What should Western civil society do?

Shakiba: You must act against the policies of your governments; it is the only way to change something in Afghanistan. Pressure your leaders to not follow the wrong policies of the United States, which you’ve supported for so many years. The West must stop supporting fundamentalist groups; it must stop this game that is destroying the very roots of my country. Without support, the Taliban would no longer be able to manage the country and would collapse. There can be no victory as long as these people are supported and funded.

How much financial support do the Taliban receive?
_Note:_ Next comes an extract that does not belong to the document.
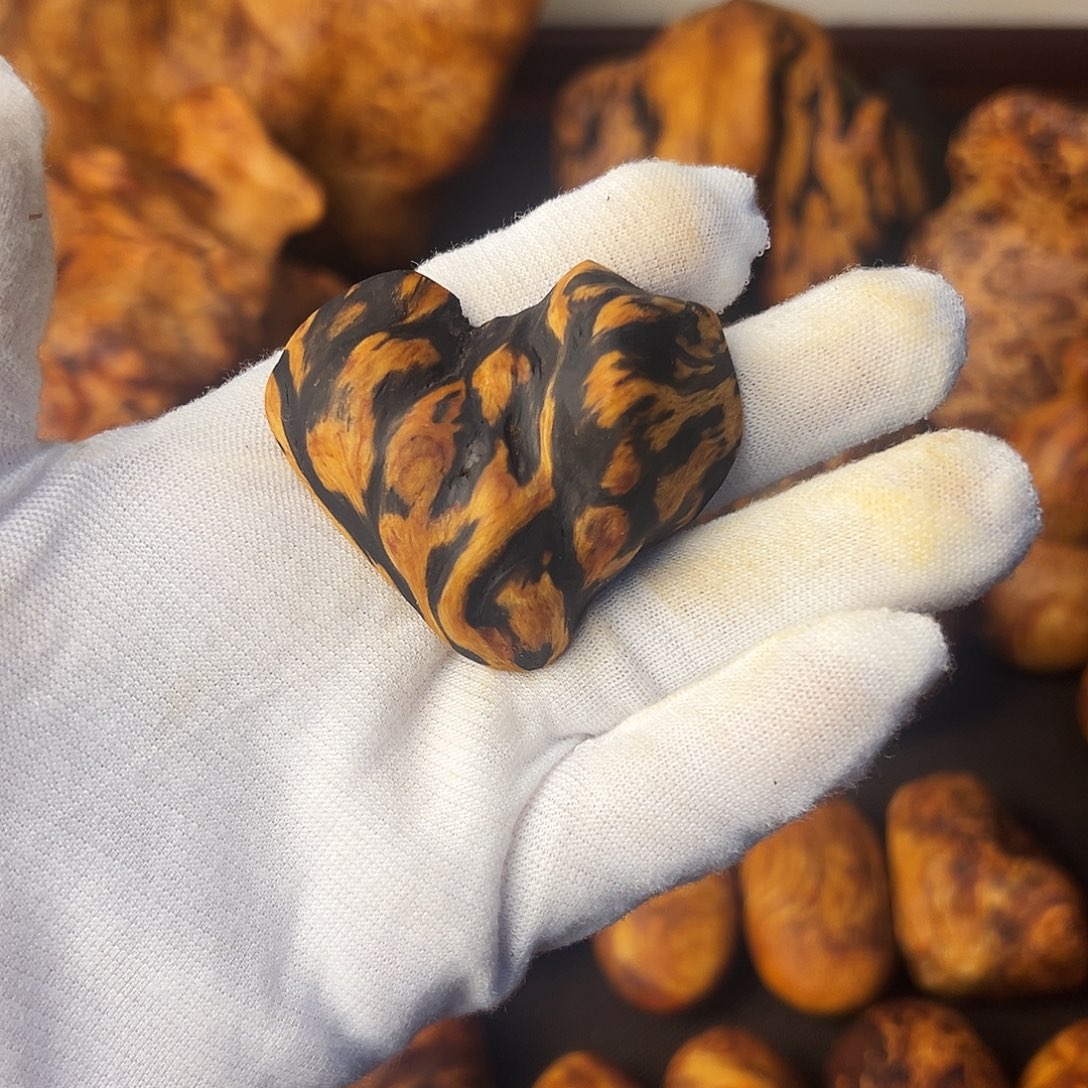 难***涂琥珀木长白山琥珀木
Shakiba: The Taliban openly state that they receive $40 million every week from the Americans to maintain the state apparatus. If there’s one thing they don’t lack, it’s money. If an NGO wants to start a project, it must register and pay substantial taxes to the government. The Taliban have their own NGOs financed by the UN. They also earn revenue from taxes, mining concessions, and other exploitation of our territory. Many nations have made agreements with them: especially China, but also Kazakhstan, Iran, and Pakistan, which takes our coal. Agreements for promising business ventures lead to a dangerous normalization, now underway, which lays the groundwork for future recognition of the Taliban government. The enslavement of women is merely a collateral effect, one deemed negligible.

Do the Taliban have rivals on the ground?

Shakiba: There are various terrorist groups, but they don’t pose a threat to the Taliban. They have control everywhere now. Afghanistan is becoming a “center for terrorist services,” fueled by the West. Militias are trained, gathered, and armed. The idea is this: you nurture various puppets, so you can later use them against your rivals. ISIS-K, for example, is used as a threat against Russia. The Americans also keep ties with the warlords of the previous government. When they saw the warlords were no longer reliable and turned to other states—Russians, Pakistanis, Chinese—they turned to the Taliban, who are more stable. But the warlords are waiting. You never know.

What is the strongest message for your people?

Shakiba: We are here, we are behind you, and you must not lose hope. You are not alone, and we don’t want to leave.

At these words, Shakiba is moved, and so are we.